◆ **YOUR INSTRUCTIONS**
Retype, exactly and with nothing added, the lines from the one showing "CHANEL 牛皮皮革Backpack金扣背包-15" through the final line of the material. Omit pictures.

"""

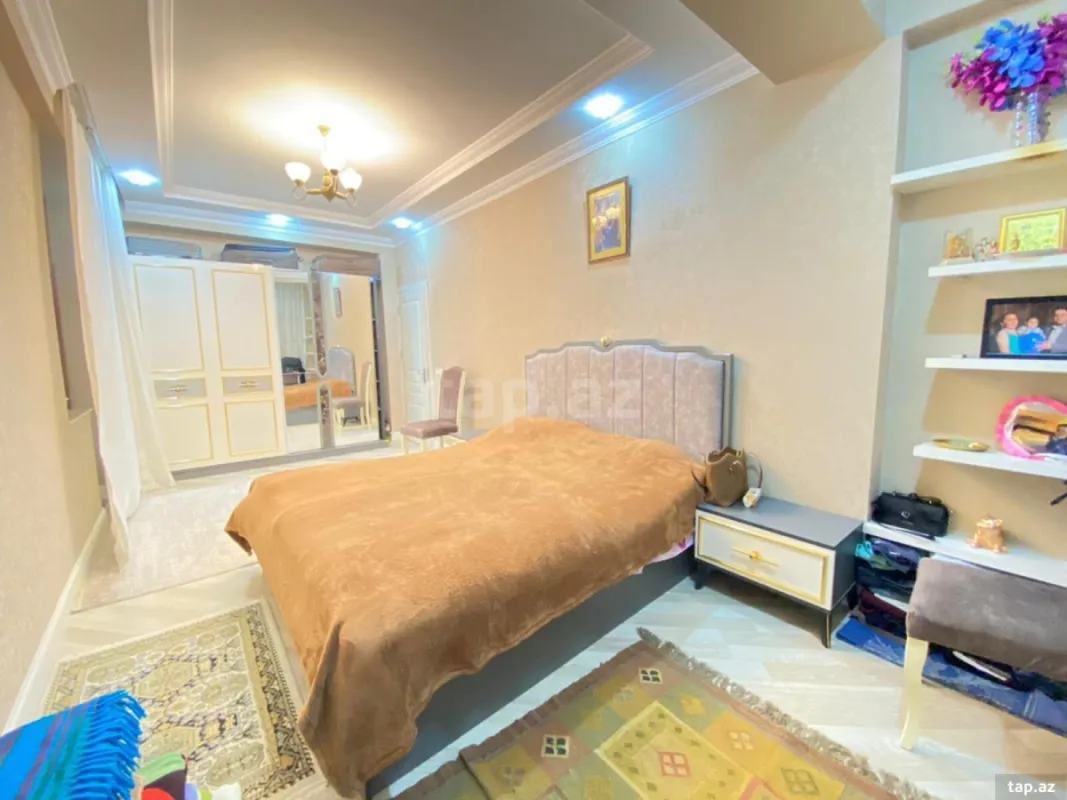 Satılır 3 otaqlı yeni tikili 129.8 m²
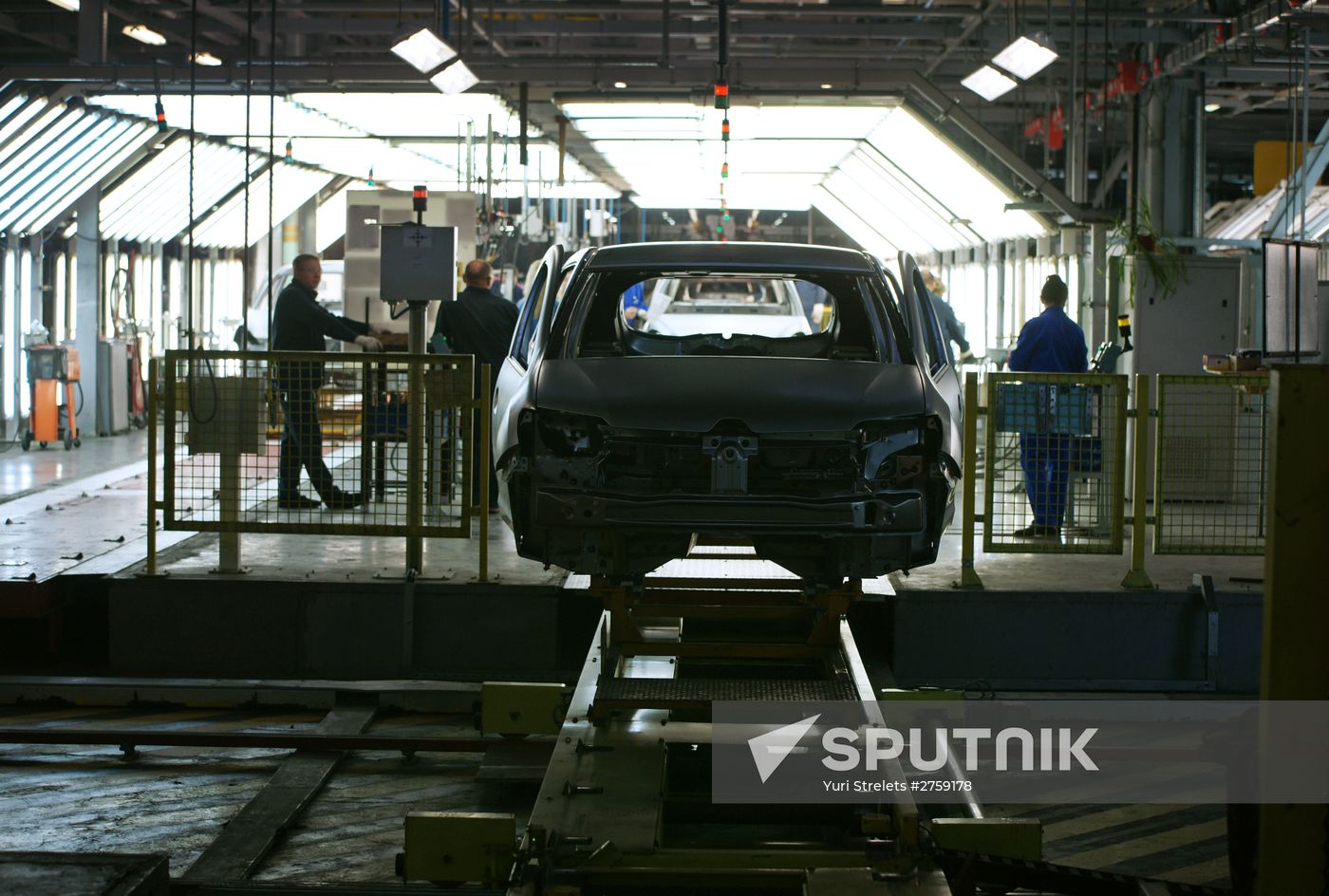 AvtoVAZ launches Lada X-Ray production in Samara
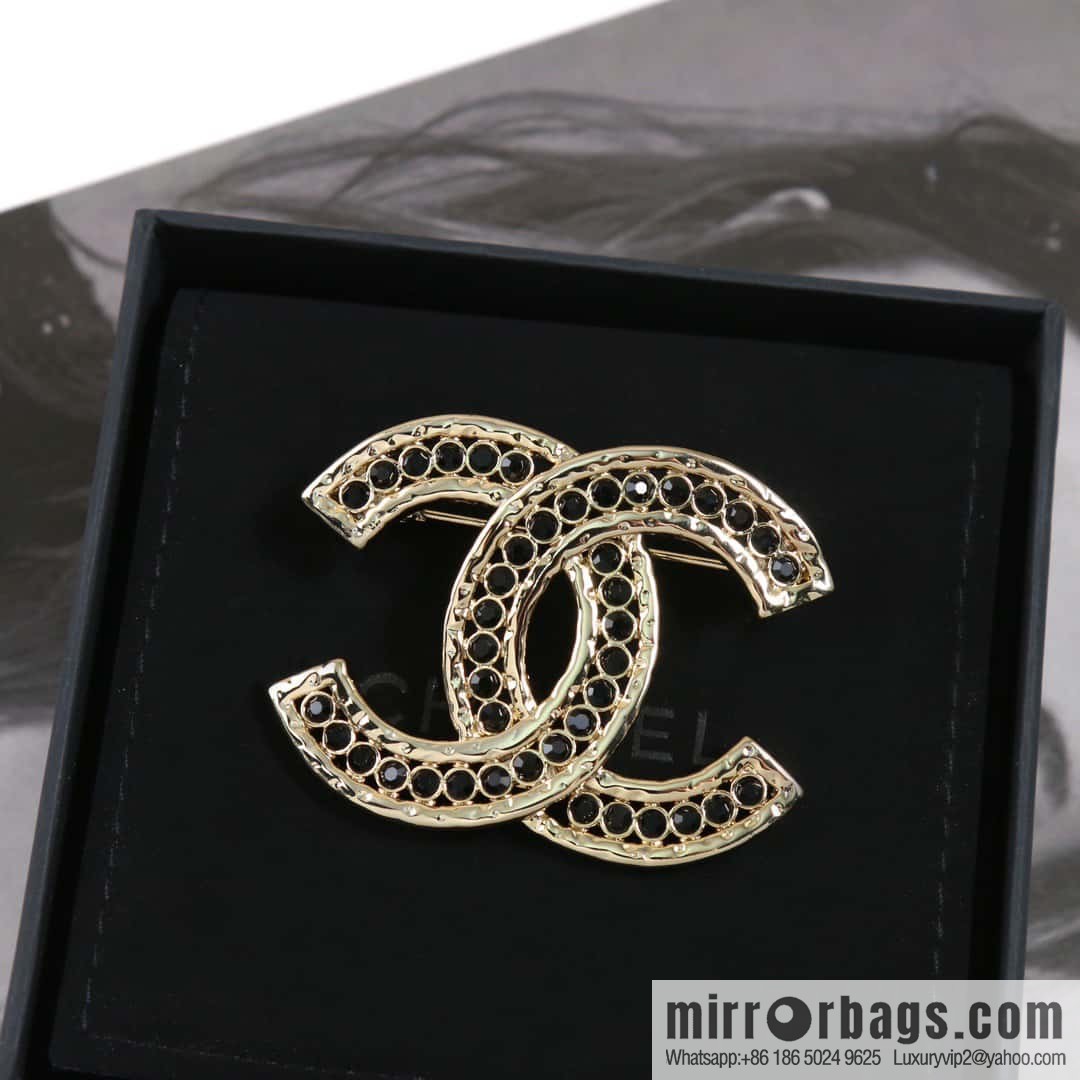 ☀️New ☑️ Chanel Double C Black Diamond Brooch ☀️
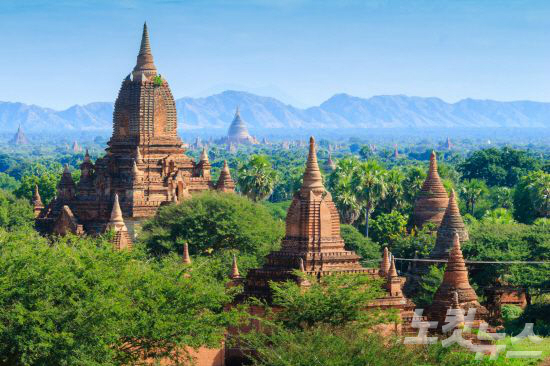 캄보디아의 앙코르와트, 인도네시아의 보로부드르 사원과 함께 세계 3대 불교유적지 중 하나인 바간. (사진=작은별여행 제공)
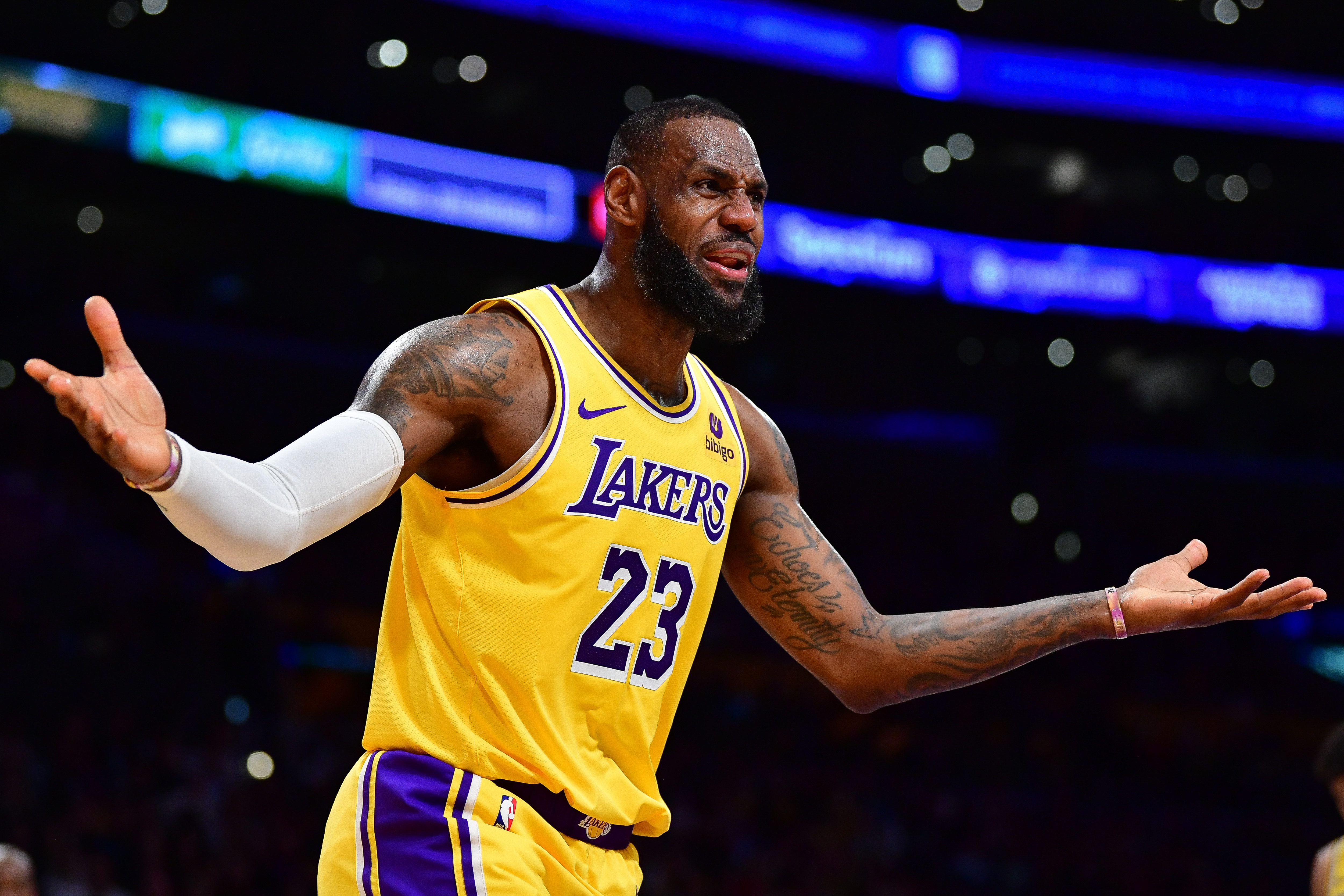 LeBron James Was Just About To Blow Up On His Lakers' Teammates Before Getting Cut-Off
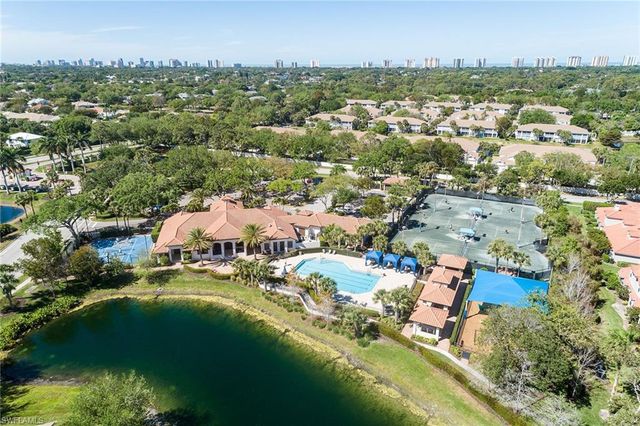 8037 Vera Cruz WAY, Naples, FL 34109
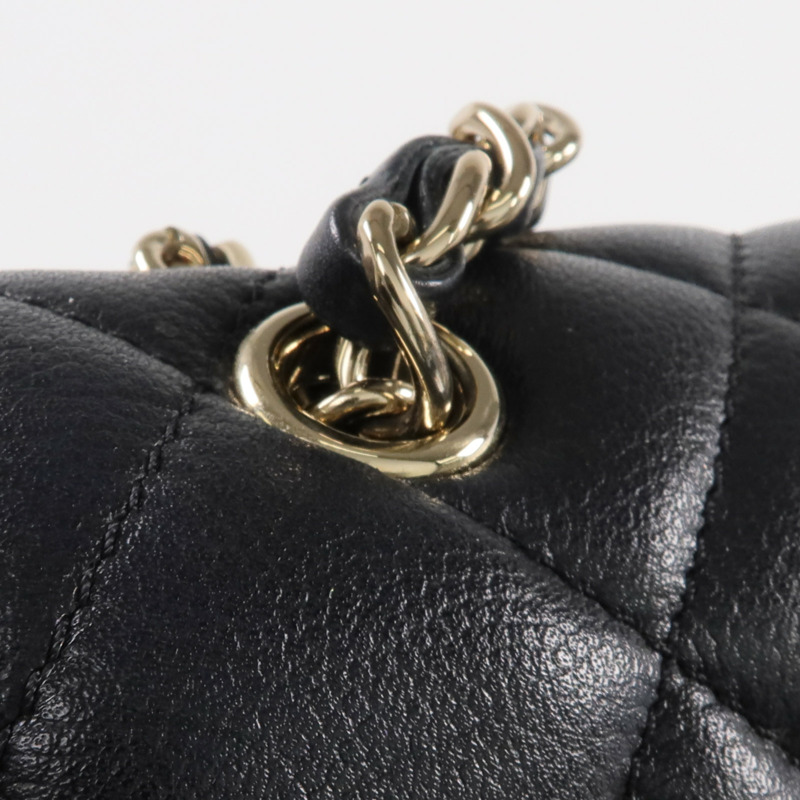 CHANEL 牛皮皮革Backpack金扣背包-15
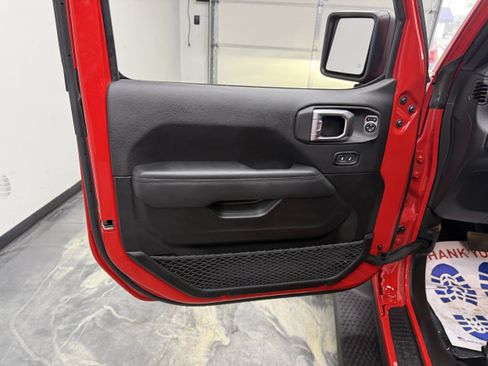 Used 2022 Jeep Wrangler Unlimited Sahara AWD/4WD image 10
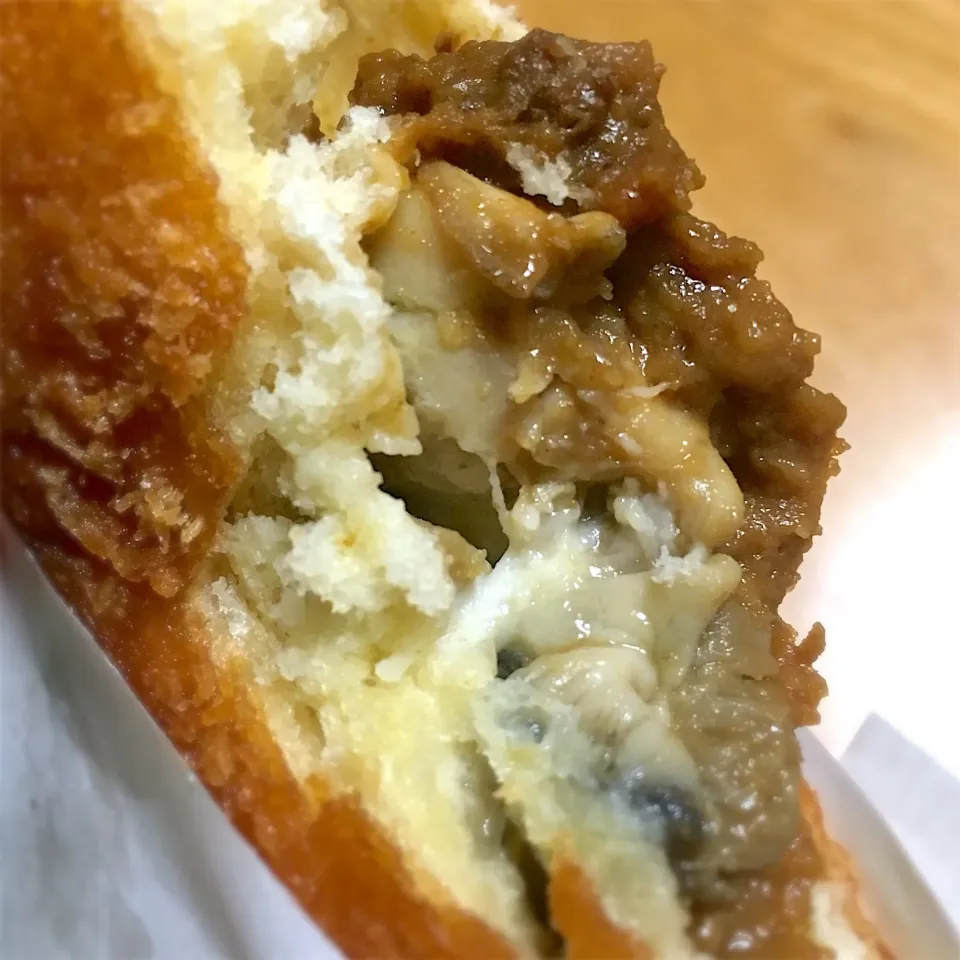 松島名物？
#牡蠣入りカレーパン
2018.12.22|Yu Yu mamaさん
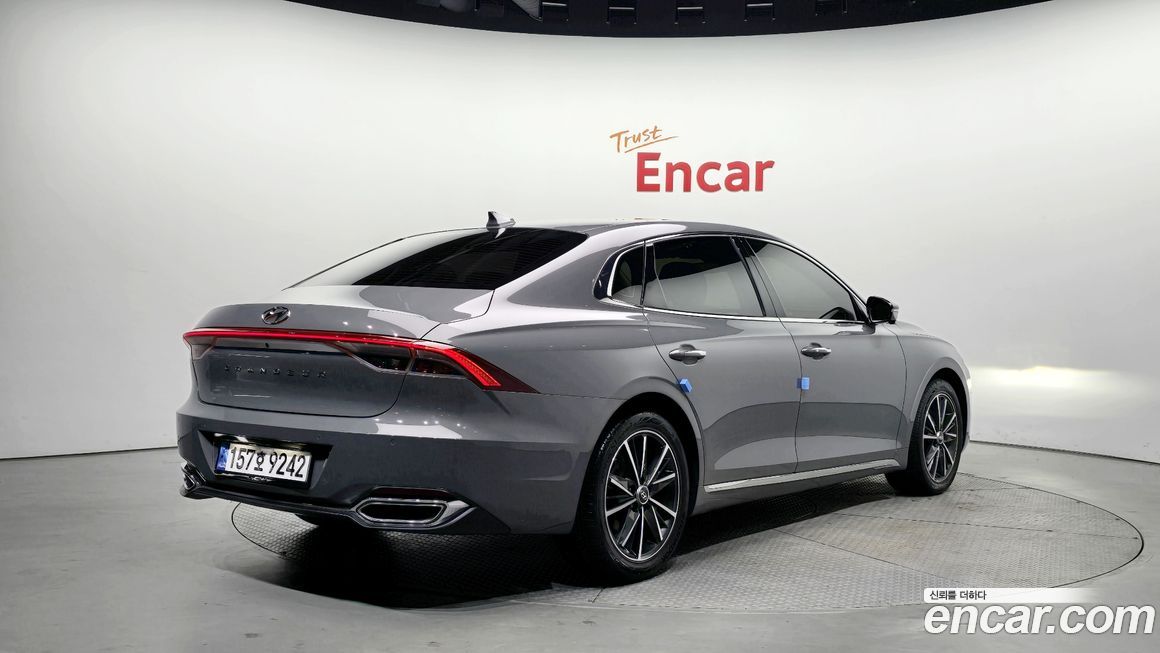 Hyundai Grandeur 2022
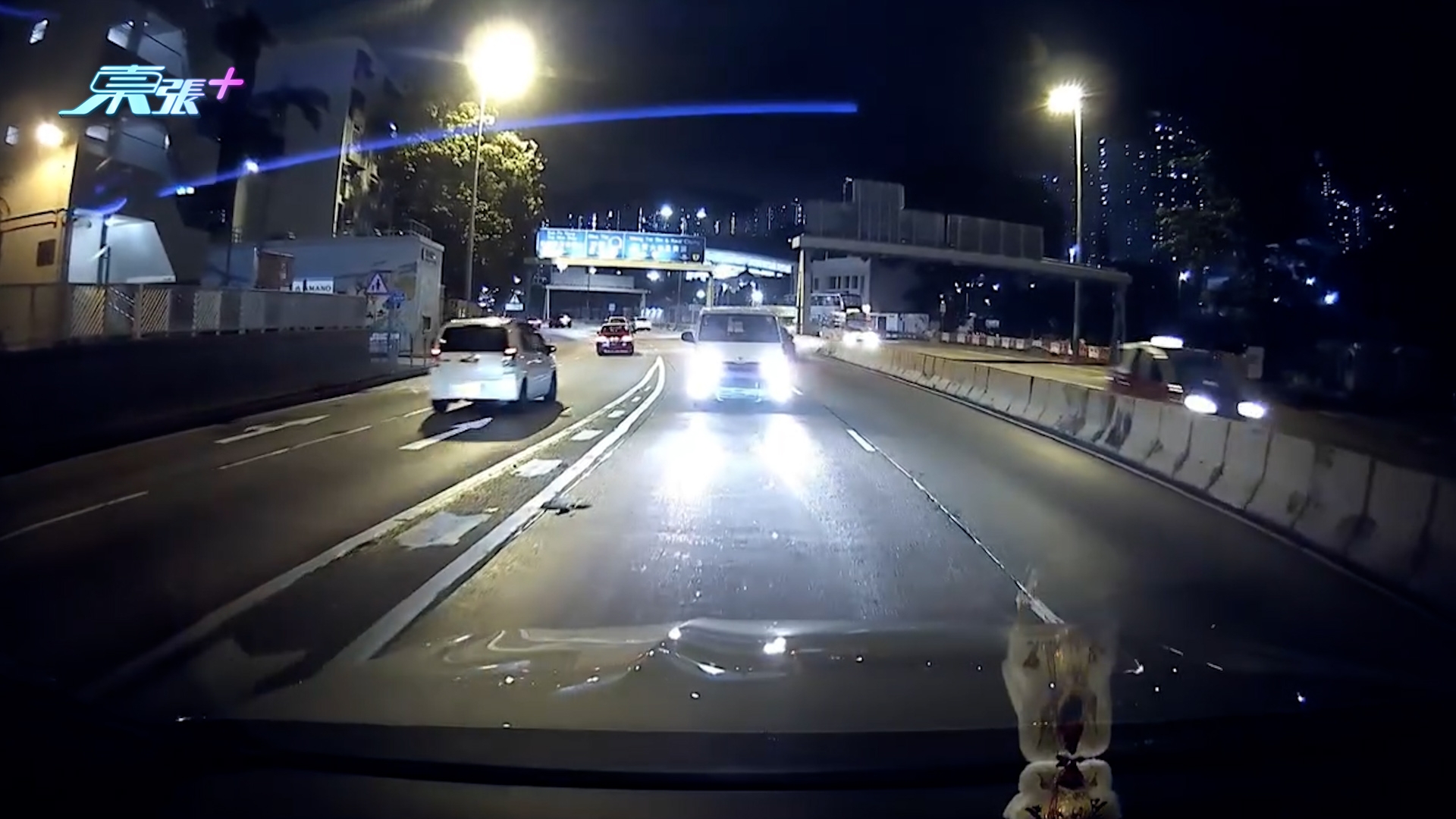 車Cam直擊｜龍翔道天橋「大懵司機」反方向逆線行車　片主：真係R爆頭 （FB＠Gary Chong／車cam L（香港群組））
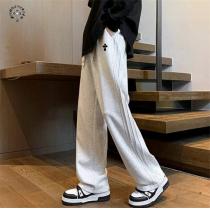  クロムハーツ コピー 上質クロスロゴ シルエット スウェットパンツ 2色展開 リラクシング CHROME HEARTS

"""

◆ **ANSWER BELOW**
 CHANEL 牛皮皮革Backpack金扣背包-15
 Used 2022 Jeep Wrangler Unlimited Sahara AWD/4WD image 10
 松島名物？
#牡蠣入りカレーパン
2018.12.22|Yu Yu mamaさん
 Hyundai Grandeur 2022
 車Cam直擊｜龍翔道天橋「大懵司機」反方向逆線行車　片主：真係R爆頭 （FB＠Gary Chong／車cam L（香港群組））
  クロムハーツ コピー 上質クロスロゴ シルエット スウェットパンツ 2色展開 リラクシング CHROME HEARTS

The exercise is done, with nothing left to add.